We would not expect it to be directly effective in externalizing disorders. It might be effective in treating comorbid anxiety or depression in ADHD or schizophrenia, respectively. But, while improvement of the comorbid internalizing disorder could indirectly alter the course of the primary disorder, we would not expect ketamine to have a direct effect and we are certainly not suggesting that its use would be advisable.

Conversely, the lack of effectiveness of ketamine in augmenting ECT’s antidepressant effects (McGirr et al., 2017) could reflect the lower neuroticism scores in patients with melancholic depression (Kendler, 1997), who may be more likely to be treated with ECT than patients with non-melancholic depression.
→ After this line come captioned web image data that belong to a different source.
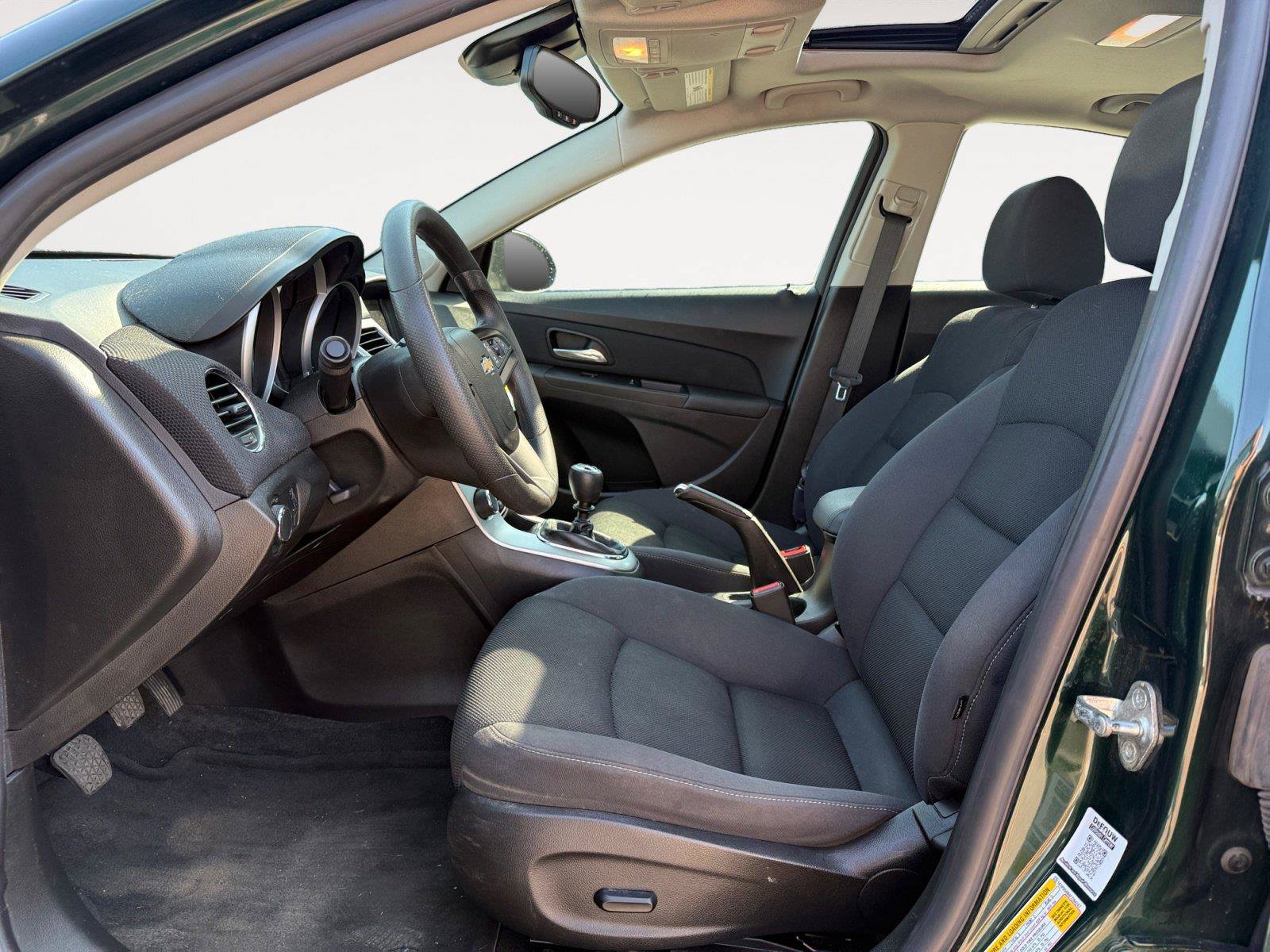Used 2015 Chevrolet Cruze LT w/ Sun And Sound Package FWD image 10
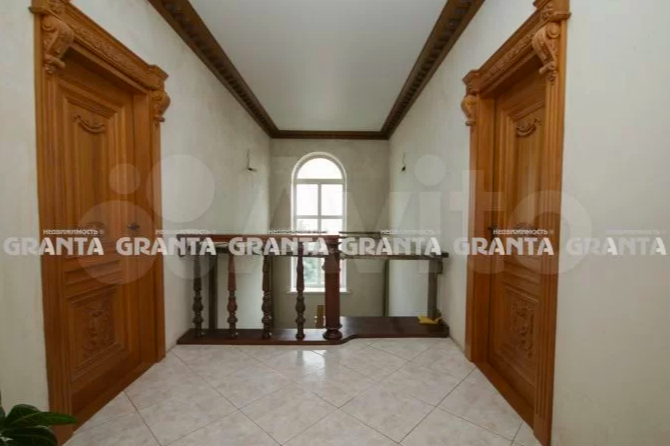 С видом на город: коттедж за 69 млн продают в Красноярске 2 С видом на город: коттедж за 69 млн продают в Красноярске 2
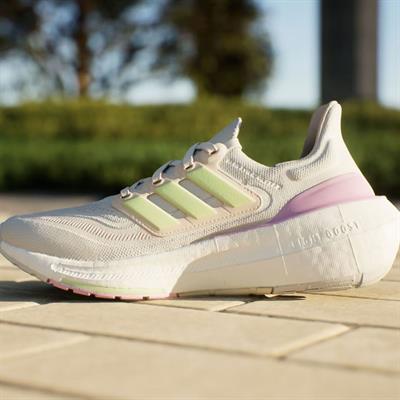 Adidas Ultraboost Light Kadın Yol Koşusu Ayakkabısı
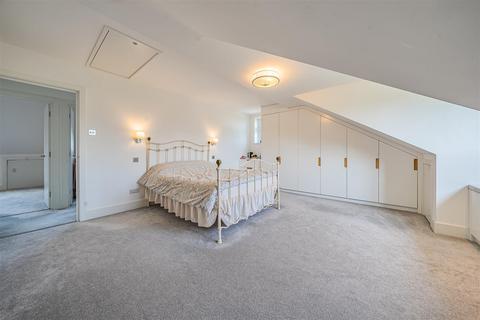 4 Willow Grove, Ruislip, HA4 6DF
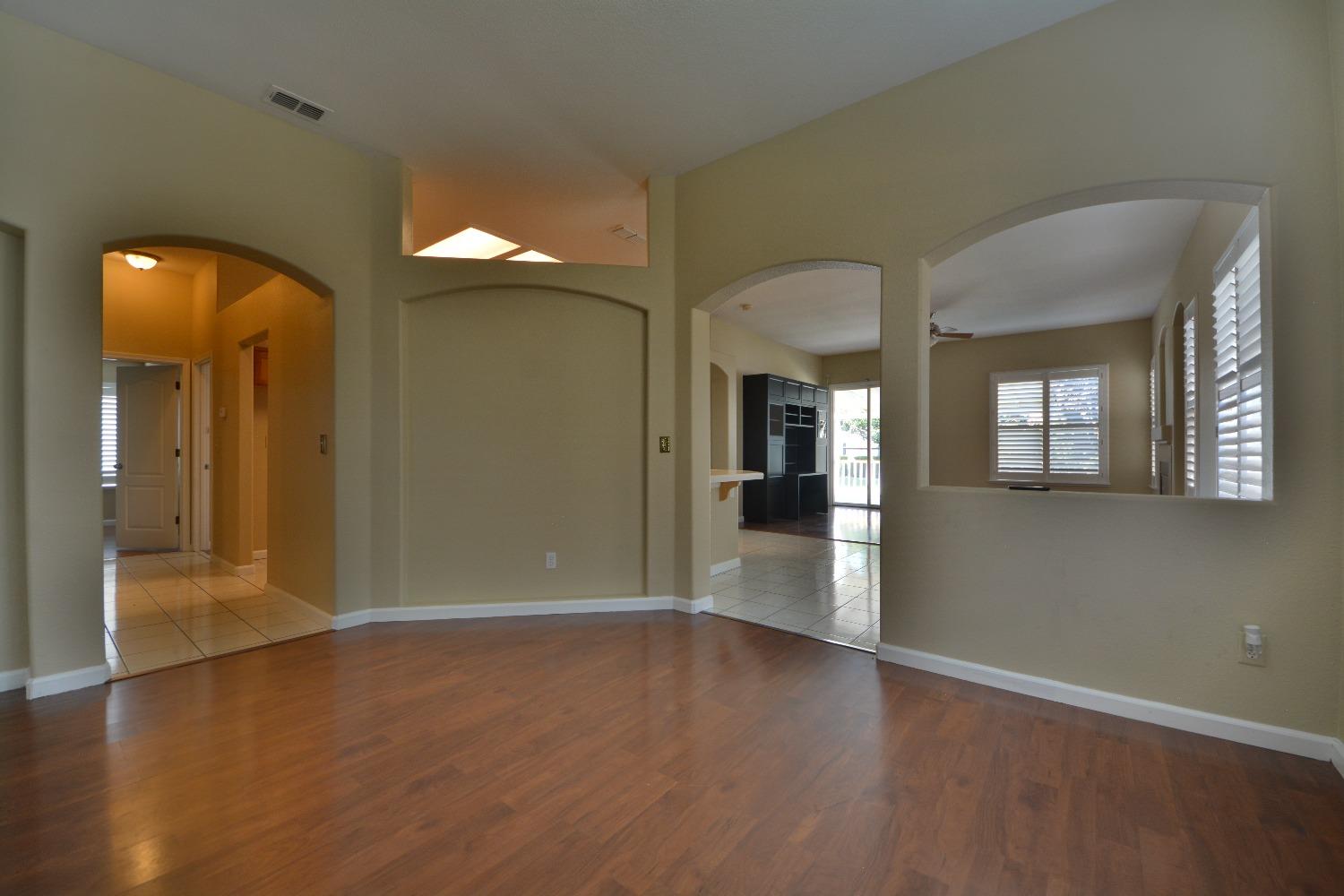 Detail Gallery Image 4 of 20 For 4253 Raptor Dr, Stockton,  CA 95209 - 4 Beds | 2 Baths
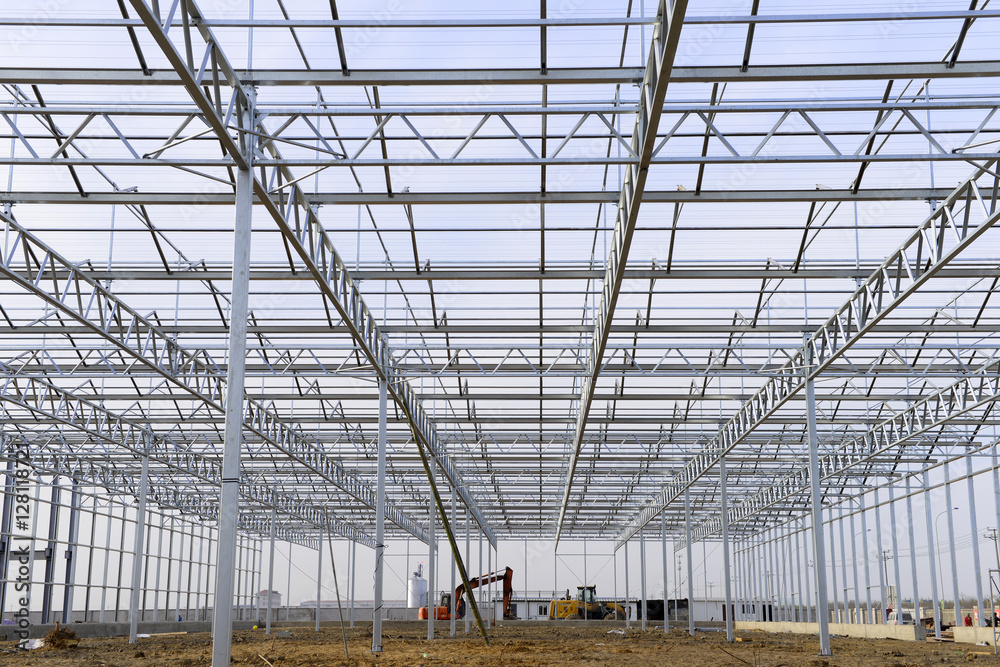 Steel structure workshop is under construction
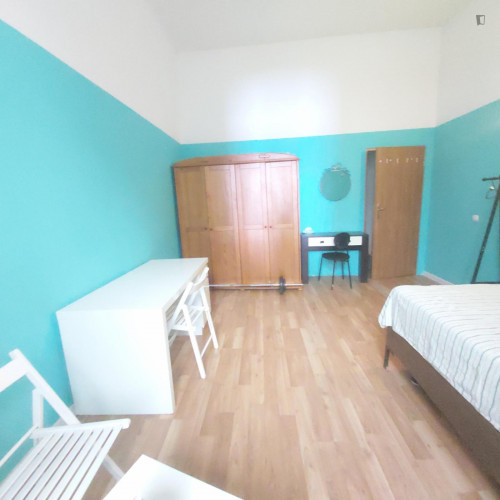 Comfy double bedroom in a 4-Bedroom apartment right next to the Main Square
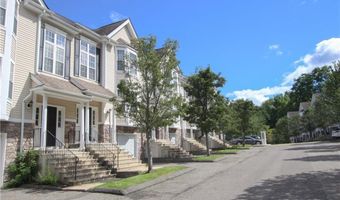 107 Sienna Dr 107, Danbury, CT 06810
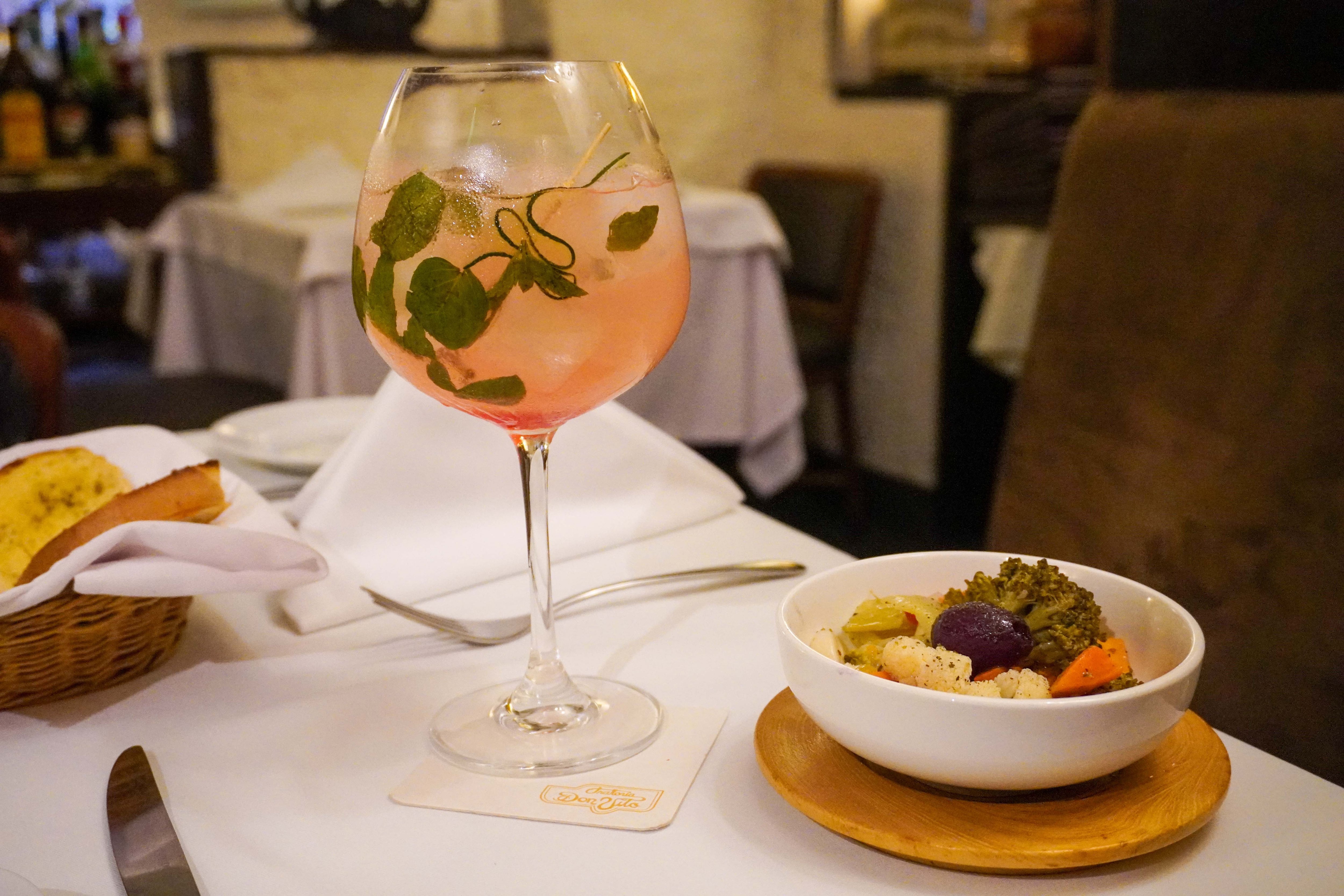La trattoria incorporó Mojitillo, Mint Tonic y Aranciata, tres alternativas sin alcohol elaboradas con frutas, hierbas y cítricos para acompañar pizzas, pastas y otros platos de inspiración italiana.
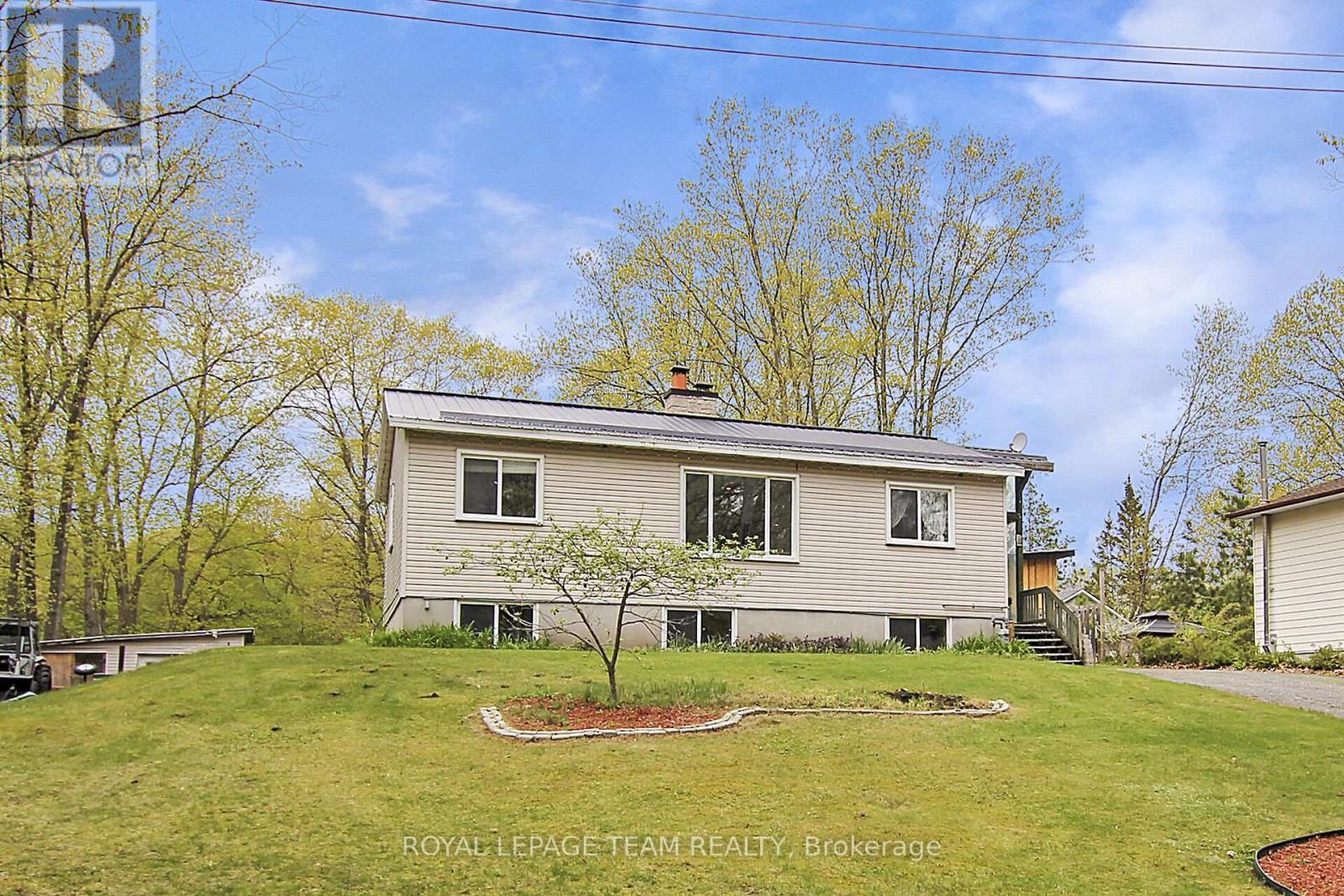 129 Spinnaker Way, Ottawa, ON K0A 3M0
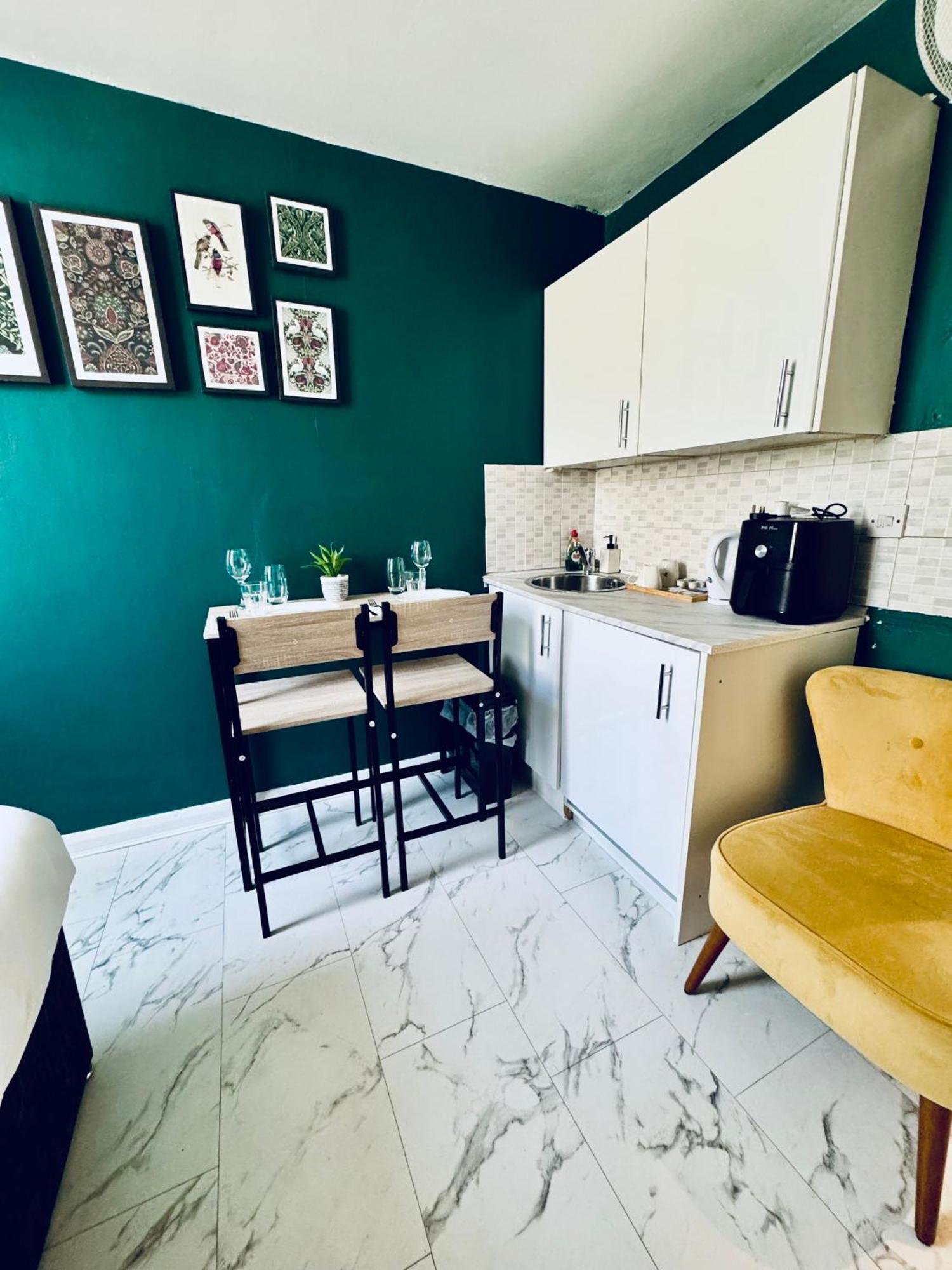 Private Flat In Centre Apartment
Assessing the impact of neuroticism score on response to augmentation could clarify if there is a subgroup of patients receiving ECT who might gain additional benefit from ketamine.

Neuroticism is also genetically linked to disorders such as migraine and Tourette syndrome. However, we have no reason to group these with our current set of neurotic disorders (Table 1).

6. Conclusions

In sum, for those internalizing disorders where neuroticism has been shown to be a predisposing factor, and where there is often progression from one disorder to another, we propose a two-hit hypothesis of disorder: both trait neuroticism and a trait linked to the specific disorder must be high. Disorder-specific treatments act on neural systems underlying the specific trait, while ketamine acts on neural systems underlying neuroticism. While neuroticism can be important for many mental disorders, we propose that those involving the proposed double hit represent a specific “internalizing disorder” class. Should our positive and negative predictions prove accurate, this would suggest that all these disorders could be included into a single diagnostic cluster rather than the multiple, somewhat different, clusters proposed by DSM-5 and ICD-10. On this view, there would be a hierarchical organization of the internalizing disorders with a common single “parsimonious” internalizing factor and subordinate aspects distinguishing distress disorders and fear disorders with likely even finer structure facets linked to, for example, trait anxiety as we have defined it (DeYoung & Krueger, 2018; Seeley, Kosty, Farmer & Lewinsohn, 2011).

Author Contributions

NMcN formulated the hypothesis; NMcN and PG developed the detailed exposition; and NMcN and PG both contributed to the final form of the manuscript.

Conflict of Interest

We declare the following potential conflicts of interest: P. Glue has a contract with Douglas Pharmaceuticals to develop novel ketamine formulations. Within the last three years, P. Glue has participated in an advisory board for Janssen Pharma and N. McNaughton has had a confidential disclosure and consulting agreement with Janssen Research & Development, LLC.

Research Transparency and Reproducibility

This paper is a review article and so there are no data or methods not already in the public domain.